Solar Decathlon 2013: SHADE
Solar Decathlon 2013 wrapped up last week and we’ll be taking a look at a few of the entries. Sponsored by the U.S. Department of Energy, the Solar Decathlon is a biannual event in which university teams compete in the design, construction and operation of small energy-efficient houses powered by the sun.
SHADE (Solar Homes Adapting for Desert Equilibrium) was the entry by team ASUNM from Arizona State University and The University of New Mexico. As the name suggests, SHADE was designed for the Sonoran Desert that covers much of Arizona and New Mexico, and it uses shading as a key strategy.

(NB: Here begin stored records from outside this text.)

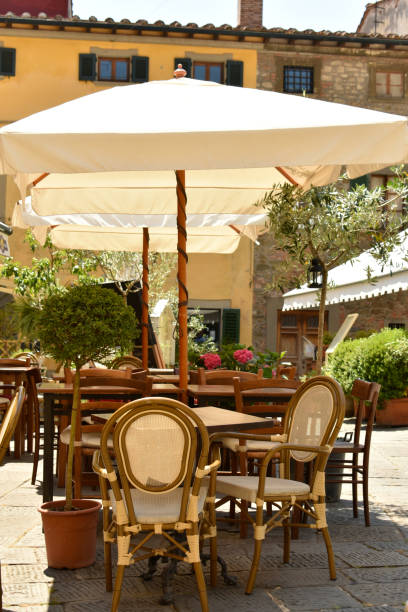 istock Pretty deserted cafe table and chairs 1297047320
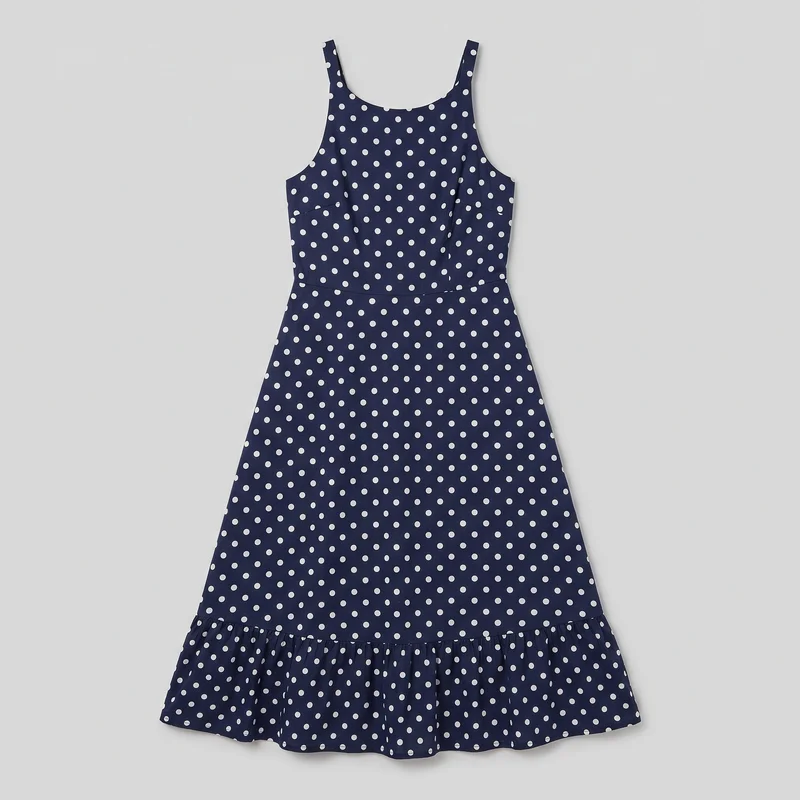 A complete navy sleeveless midi dress is arranged in a flat-lay front view. It has wide shoulder straps, a rounded scoop neckline, a tailored bodice with a defined horizontal waist seam, and a long A-line skirt that flares away from the body. An evenly spaced all-over polka-dot print covers the dress, which finishes with a gathered lower ruffle tier and softly wavy hem.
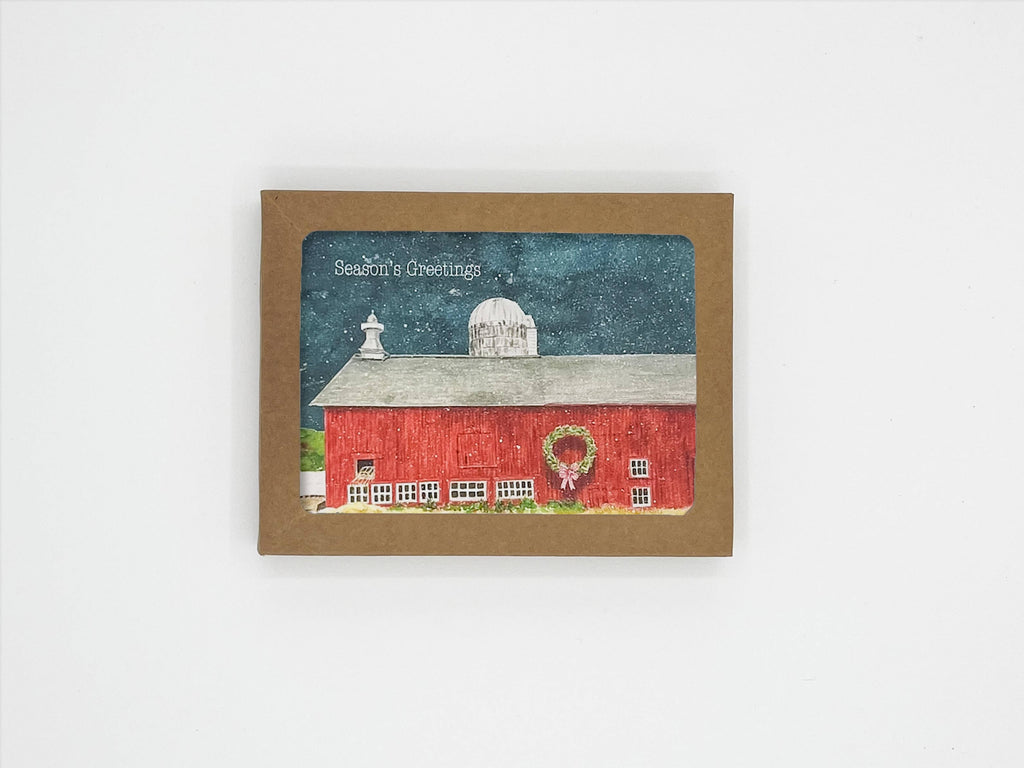A square greeting card with a brown border featuring a winter illustration of a red barn under a dark blue night sky. The card is displayed against a clean white background.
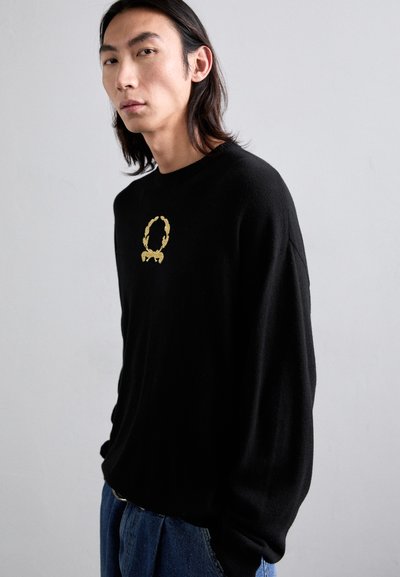 Schwarzer Pullover aus weichem Material, mit einem goldenen gestickten Logo mit Lorbeerkranz und Schleife auf der Brust. Legere Passform, lange Ärmel.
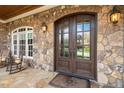Inviting stone-covered porch with rocking chairs and a double-door entryway at 121 Highclere Ln, Cary, NC 27518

A wooden structure supporting climbing plants and a large solar panel array shades the house and south side patio, creating a microclimate that moderates the desert heat. Other walls are shaded by screens of horizontal wooden louvers fastened directly to the walls. Besides using them for shade, raising the PV panels above the roof increases the panel efficiency by allowing them to be cooled by air flow underneath.
Inside there is one bedroom in 851 ft2 (79.1 m2). The L-shaped living space has the kitchen at one end and a flexible use space at the other end. A folding glass wall lets the living area extend out to the patio, facilitating an indoor-outdoor lifestyle. The flex space can function as a sitting area or home office. With a sliding partition wall and a wall bed hidden behind a bookcase, it easily transforms into a private guest bedroom.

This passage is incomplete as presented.